2014年7月31日に公開され、英名はStellar、通貨コードはXLM(ルーメン)となっています。
リップルという仮想通貨を元に開発されており、個人間での決済に関して国境を超えて可能にするということを目標にして開発されました。
大きな特徴としては、毎年1%ずつ追加発行することによる金融緩和策が取られていること、中国からの利用による価格の高騰を防ぐためにその認証にFacebookが利用されていることなどが挙げられます。
ステラの値動き
ステラはリップルを元にして開発されているため、リップルの値動きと連動していることが多いです。
過去には2017年5月から2018年にかけて急激に高騰していました。
これはリップルの価格の動きと非常に酷似しており、やはり連動していることがわかるデータだと言えます。
このリップルの高騰の要因として、Googleからの出資と三菱東京UFJ銀行などの金融機関がリップルのシステムを採用すると発表したことが挙げられます。
この要因から見ても、リップルの信頼性は高く、それに連動した手すらも安心して取引ができる通貨であると言ってもいいでしょう。
また、現在仮想通貨全体の相場が下落傾向にあるため、現在の相場は下がり気味ですが、先述の通り金融緩和策が取られているなど、全体的には安定した値動きとなっているのが特徴だと言えます。
個人間の決済を目的にしていること、リップルと連動し大きな値動きをできるだけ抑制するよう対策が取られていることなどを勘案すると、今後リップルとともに成長し安定的な投資ができる仮想通貨として成長していく可能性があります。
ステラのここがスゴイ!
個人向けに特化した決済システム
ステラの決済システムを説明する前に、リップルの決済システムを簡単に紹介します。
リップルはそもそもオンラインでの取引を簡単にするシステムを構築するために開発された仮想通貨であるとも言われています。
そのシステムとはリップルネットワークと呼ばれ、仮想通貨をそのまま銀行に預け入れるなど、クレジットカードでの決済を仮想通貨で行うなどの処理を高速で行えるものになっています。
そしてテスラもリップルと同じシステムでの決済システムを採用していますが、
両者の違いはリップルが金融機関どうしなどの企業向け、ステラは個人向けであるという点です。
この違いで何が変わるのかというと、個人向けの方が処理速度が非常に早いということです。

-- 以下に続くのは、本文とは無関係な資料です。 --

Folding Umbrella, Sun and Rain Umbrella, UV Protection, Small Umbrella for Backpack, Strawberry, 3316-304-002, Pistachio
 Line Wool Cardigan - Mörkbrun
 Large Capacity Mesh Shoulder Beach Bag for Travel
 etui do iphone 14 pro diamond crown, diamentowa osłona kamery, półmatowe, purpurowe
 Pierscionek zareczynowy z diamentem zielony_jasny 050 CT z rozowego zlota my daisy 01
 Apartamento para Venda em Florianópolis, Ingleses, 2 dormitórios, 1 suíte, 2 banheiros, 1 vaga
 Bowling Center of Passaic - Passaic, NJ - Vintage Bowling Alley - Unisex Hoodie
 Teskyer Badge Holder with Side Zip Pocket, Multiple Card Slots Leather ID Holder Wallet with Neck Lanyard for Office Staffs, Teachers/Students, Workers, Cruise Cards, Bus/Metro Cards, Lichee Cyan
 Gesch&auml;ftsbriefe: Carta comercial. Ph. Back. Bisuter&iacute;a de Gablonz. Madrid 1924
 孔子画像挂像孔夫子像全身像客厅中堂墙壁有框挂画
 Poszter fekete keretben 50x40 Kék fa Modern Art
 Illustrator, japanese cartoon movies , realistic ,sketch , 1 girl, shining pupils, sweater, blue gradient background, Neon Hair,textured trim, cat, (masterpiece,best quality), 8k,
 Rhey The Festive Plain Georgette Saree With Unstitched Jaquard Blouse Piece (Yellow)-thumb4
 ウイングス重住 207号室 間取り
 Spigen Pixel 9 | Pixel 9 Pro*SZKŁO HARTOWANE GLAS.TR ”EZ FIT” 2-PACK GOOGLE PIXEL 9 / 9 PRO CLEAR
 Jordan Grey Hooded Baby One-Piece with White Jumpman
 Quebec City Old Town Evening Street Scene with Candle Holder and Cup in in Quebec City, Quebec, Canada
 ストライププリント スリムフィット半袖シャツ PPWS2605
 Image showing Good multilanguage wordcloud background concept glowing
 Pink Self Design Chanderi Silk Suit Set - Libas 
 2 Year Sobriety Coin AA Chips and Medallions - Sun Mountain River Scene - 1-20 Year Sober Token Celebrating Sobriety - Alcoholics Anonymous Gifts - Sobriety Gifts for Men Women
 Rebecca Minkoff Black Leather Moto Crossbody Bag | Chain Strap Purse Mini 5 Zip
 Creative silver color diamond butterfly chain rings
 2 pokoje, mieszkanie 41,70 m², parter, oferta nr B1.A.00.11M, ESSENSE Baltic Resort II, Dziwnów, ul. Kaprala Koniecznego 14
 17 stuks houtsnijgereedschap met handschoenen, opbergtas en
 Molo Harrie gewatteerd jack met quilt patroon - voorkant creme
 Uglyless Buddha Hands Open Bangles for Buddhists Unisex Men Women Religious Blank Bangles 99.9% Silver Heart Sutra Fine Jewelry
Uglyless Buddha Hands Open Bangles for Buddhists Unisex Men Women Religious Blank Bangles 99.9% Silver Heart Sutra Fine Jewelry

これは企業間の取引よりも、個人間の取引の方が扱う金額も少なく、取引量も多いためという当然の理由なのですが、リップルで画期的な速さになったものがさらに個人向けで速い処理速度になったと考えてください。
そして、この処理速度の速い決済システムにより、例えば海外の通販サイトでの買い物が、円とドルの間にステラが仲介で入ることによりスムーズに決済が完了する、ということが可能になっています。
コインの発行流通量が増加していく仕組み
リップルには発行数量に上限が設定されており、それは1,000億リップルという上限です。
この上限に達して以降リップルは新規に発行されなくなる上に、取引されるたびに流通量が減るという特徴があります。
しかし、ステラの場合この上限1,000億ステラという値は変わらないのですが、はじめに1,000億発行されたのちに年に1%ずつ総量が増加していきます。
これはステラが個人向けに開発された仮想通貨であるがために、流通量を一定ずつ増やすことで価格の変動・通貨の価値を安定させる必要があるからです。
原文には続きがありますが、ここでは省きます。